Dados do IBGE mostram que a atividade produtiva brasileira vem sendo marcada por espasmos de expansão e retração. É provável que o crescimento atual - que, aliás, não é tão marcante como se propaga, por ter como base o medíocre desempenho de 2003 - seja mais um vôo de galinha, de curto alcance. Os dados conjunturais mais recentes mostram algumas características interessantes. Em primeiro lugar, o surto de crescimento é puxado basicamente pelas exportações, ainda que alguns indicadores já mostrem que a expansão dos setores exportadores já começa a afetar positivamente o potencial consumidor do mercado interno.
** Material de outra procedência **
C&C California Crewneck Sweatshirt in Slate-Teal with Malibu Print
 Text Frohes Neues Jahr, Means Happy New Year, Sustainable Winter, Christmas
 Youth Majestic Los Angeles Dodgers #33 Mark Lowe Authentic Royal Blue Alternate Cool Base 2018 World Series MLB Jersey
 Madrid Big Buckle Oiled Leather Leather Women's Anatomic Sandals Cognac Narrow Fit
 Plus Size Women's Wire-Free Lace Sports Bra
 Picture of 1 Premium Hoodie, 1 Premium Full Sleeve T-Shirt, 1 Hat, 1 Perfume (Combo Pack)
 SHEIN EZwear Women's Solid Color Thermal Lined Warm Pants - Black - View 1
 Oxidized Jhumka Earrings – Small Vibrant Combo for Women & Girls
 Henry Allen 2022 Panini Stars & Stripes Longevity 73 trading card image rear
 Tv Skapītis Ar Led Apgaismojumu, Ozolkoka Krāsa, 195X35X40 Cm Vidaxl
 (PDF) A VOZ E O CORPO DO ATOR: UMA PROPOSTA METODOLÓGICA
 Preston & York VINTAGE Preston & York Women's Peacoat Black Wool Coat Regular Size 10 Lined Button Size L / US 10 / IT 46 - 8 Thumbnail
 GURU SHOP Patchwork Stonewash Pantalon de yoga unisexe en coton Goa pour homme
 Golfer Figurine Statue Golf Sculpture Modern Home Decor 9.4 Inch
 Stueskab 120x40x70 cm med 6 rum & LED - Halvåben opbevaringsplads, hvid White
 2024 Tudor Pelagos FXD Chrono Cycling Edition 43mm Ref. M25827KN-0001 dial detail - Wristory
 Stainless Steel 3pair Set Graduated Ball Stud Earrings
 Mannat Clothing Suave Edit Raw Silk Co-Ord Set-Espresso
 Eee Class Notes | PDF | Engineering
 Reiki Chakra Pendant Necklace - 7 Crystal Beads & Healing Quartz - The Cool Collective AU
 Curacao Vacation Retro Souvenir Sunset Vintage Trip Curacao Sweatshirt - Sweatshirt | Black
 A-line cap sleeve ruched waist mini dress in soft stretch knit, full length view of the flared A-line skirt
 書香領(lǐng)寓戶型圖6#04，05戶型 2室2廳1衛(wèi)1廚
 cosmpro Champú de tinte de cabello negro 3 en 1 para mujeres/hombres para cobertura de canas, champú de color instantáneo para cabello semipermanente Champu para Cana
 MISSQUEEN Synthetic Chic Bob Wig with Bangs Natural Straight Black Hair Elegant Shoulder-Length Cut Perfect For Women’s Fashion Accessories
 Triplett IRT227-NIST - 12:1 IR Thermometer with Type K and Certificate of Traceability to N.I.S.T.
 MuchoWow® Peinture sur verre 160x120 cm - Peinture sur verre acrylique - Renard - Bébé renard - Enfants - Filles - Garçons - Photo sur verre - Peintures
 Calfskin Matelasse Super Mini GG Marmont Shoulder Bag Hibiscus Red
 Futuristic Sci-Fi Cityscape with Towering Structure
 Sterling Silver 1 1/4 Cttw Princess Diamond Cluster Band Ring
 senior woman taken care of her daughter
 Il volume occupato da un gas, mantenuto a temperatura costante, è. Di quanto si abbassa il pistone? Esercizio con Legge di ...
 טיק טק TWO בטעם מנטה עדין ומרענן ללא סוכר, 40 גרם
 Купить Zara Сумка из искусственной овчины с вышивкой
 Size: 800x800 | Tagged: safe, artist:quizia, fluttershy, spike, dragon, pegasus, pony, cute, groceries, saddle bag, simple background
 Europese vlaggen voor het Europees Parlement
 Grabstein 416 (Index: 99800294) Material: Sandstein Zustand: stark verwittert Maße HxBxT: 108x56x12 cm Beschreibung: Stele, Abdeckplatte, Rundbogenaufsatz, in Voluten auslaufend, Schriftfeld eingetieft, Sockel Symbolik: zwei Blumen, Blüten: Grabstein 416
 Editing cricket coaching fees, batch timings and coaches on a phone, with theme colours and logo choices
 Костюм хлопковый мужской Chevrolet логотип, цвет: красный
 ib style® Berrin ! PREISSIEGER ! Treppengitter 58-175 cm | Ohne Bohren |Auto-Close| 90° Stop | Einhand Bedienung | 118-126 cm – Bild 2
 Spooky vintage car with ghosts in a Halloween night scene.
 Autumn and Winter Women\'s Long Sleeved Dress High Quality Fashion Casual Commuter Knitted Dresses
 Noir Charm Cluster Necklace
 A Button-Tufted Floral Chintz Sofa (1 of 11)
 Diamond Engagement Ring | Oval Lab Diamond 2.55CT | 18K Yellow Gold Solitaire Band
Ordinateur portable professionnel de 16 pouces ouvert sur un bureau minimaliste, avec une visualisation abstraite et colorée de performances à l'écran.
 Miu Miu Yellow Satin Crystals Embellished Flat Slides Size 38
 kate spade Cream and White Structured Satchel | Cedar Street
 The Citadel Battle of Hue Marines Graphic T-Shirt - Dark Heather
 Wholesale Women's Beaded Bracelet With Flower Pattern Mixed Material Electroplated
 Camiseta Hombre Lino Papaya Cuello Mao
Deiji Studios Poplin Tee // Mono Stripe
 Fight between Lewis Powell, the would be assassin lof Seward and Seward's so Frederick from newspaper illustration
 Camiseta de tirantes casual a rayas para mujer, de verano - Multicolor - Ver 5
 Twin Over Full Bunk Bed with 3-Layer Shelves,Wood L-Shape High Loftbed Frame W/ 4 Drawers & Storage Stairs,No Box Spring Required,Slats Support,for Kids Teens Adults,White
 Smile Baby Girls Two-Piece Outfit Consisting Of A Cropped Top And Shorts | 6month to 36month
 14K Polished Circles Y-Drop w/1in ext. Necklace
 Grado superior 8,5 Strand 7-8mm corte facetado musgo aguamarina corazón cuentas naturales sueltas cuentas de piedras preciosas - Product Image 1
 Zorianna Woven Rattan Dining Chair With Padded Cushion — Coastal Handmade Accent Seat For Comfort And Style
Se o dinamismo do setor externo não for transmitido ao mercado interno, o país continuará dependente da conjuntura internacional, sobre a qual não detém controle. Em segundo lugar, esse curtíssimo surto de expansão já esgotou a capacidade produtiva de alguns setores. Já existem gargalos em segmentos estratégicos, como energia elétrica, logística de transportes e armazenamento e capacidade portuária.
Em terceiro lugar, é possível observar que os investimentos no Brasil ainda estão sendo fortemente desestimulados pelo sistema tributário e pelo custo do capital. Dados da Anefac mostram que os juros anuais cobrados das empresas em julho de 2004 foram em média de 63% para capital de giro, de 58% para desconto de duplicata, de 60% para o desconto de cheque e de 100% para conta garantida. Nesse sentido, cumpre apontar que, além do absurdo custo do dinheiro, a grande carência reside na ausência de condições microeconômicas que propiciem situações operacionais viáveis e duradouras de expansão.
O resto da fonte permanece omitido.